Caption-style text data
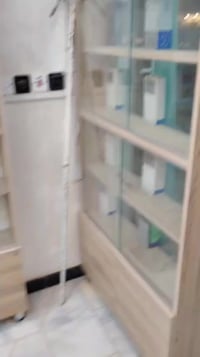 للبيع رفوف استعمال شهرين 07756383856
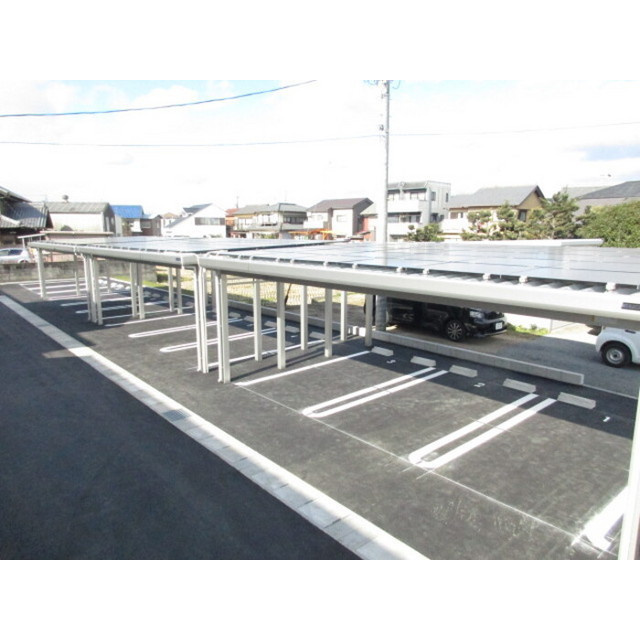 岐阜市蔵前３丁目のアパートの駐車場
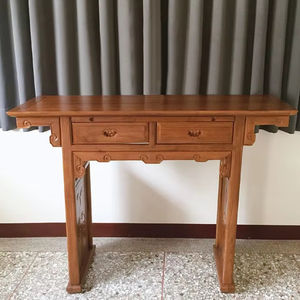 Table d'entrée traditionnelle et gracieuse en teck avec 4.8 pieds de style classique chinois pour salon et entrée - Product Image 1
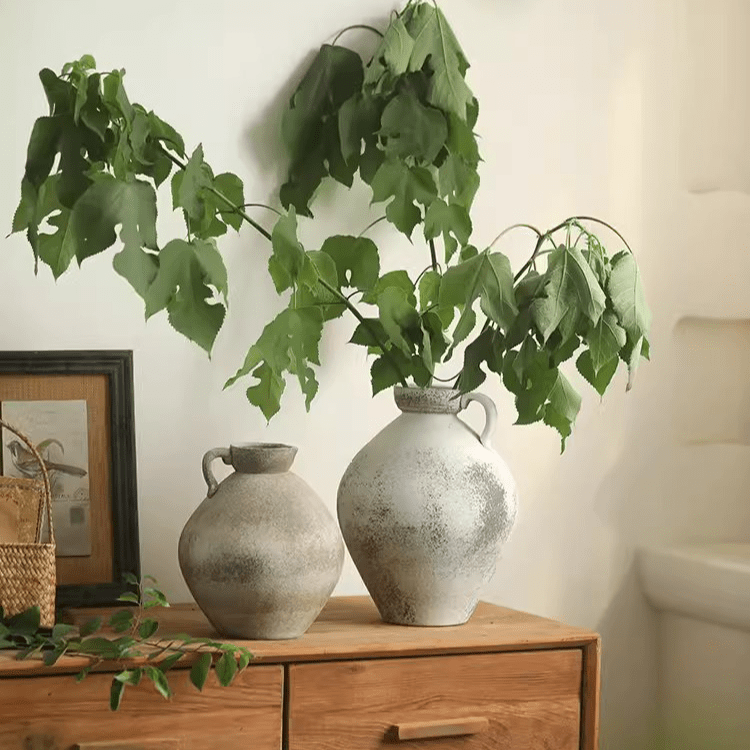 Watertight One Handle Pottery Vase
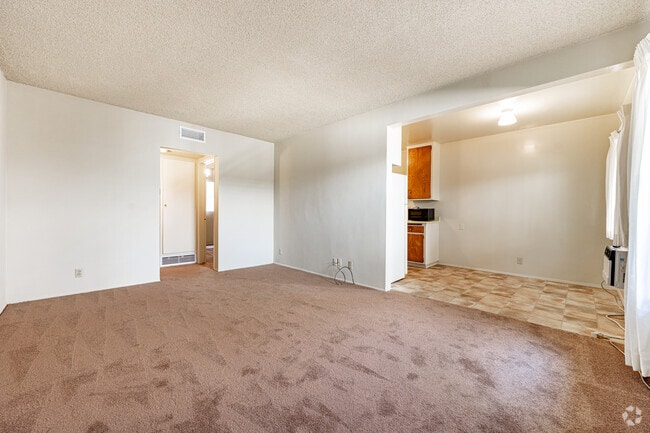 1BR, 1BA - 725SF - Living Room
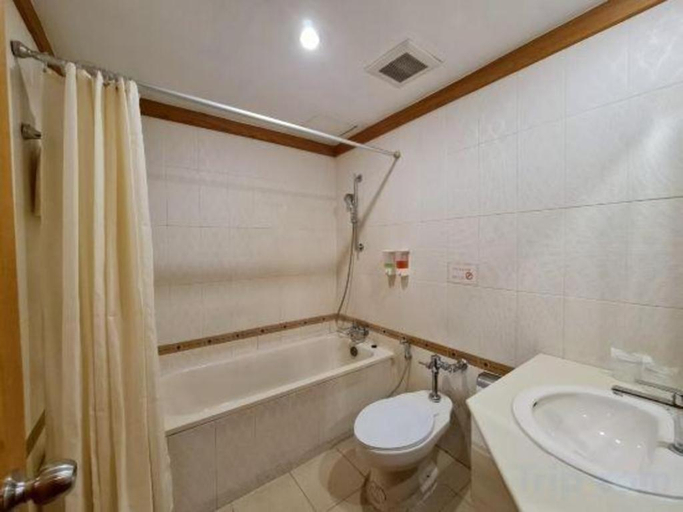 Bathroom 4, The Rich Hotel, Muang Nonthaburi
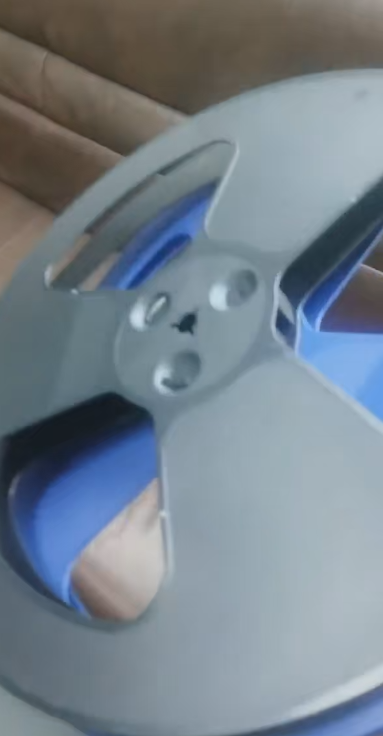 寻求有做塑胶端子盘的加工厂，每个月量是3-4万套，材质是塑胶ps/pp都可以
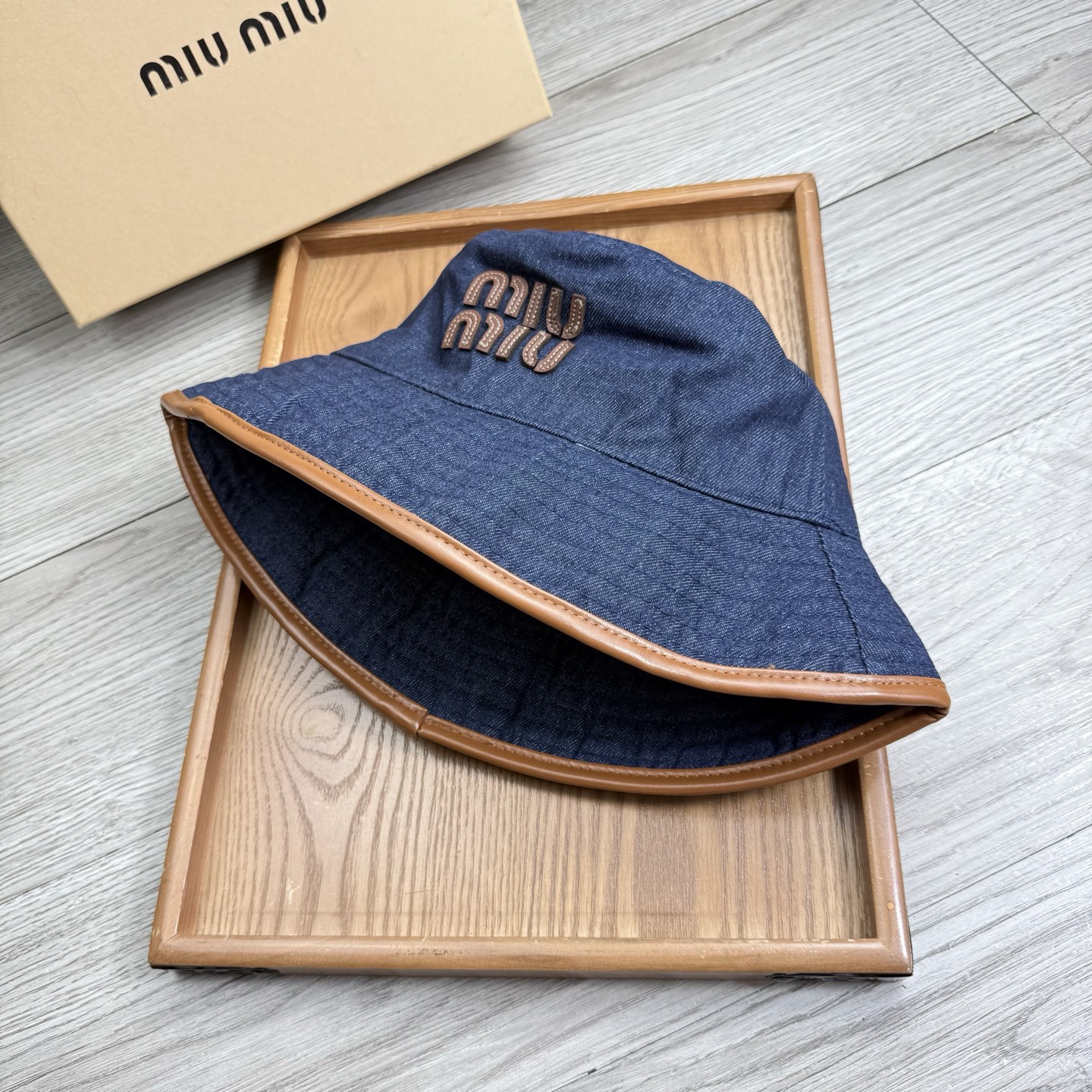 。miumiu。夏季新品渔夫帽！真的是经典中的NO.1，绝美的颜色非常好搭配，不管是酷飒的风格还是温婉的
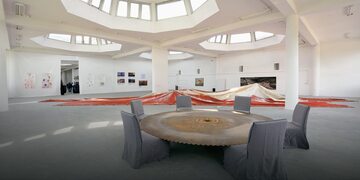 Instalacje Jerzego Kaliny „Topos” oraz „Terrain Ahead” można oglądać na wystawie „Historiofilia”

__To do__: In the records above, find the line containing "Table d'entrée traditionnelle", then please restate it and each line after it word for word, pictures excluded.

__Answer box__:
 Table d'entrée traditionnelle et gracieuse en teck avec 4.8 pieds de style classique chinois pour salon et entrée - Product Image 1
 Watertight One Handle Pottery Vase
 1BR, 1BA - 725SF - Living Room
 Bathroom 4, The Rich Hotel, Muang Nonthaburi
 寻求有做塑胶端子盘的加工厂，每个月量是3-4万套，材质是塑胶ps/pp都可以
 。miumiu。夏季新品渔夫帽！真的是经典中的NO.1，绝美的颜色非常好搭配，不管是酷飒的风格还是温婉的
 Instalacje Jerzego Kaliny „Topos” oraz „Terrain Ahead” można oglądać na wystawie „Historiofilia”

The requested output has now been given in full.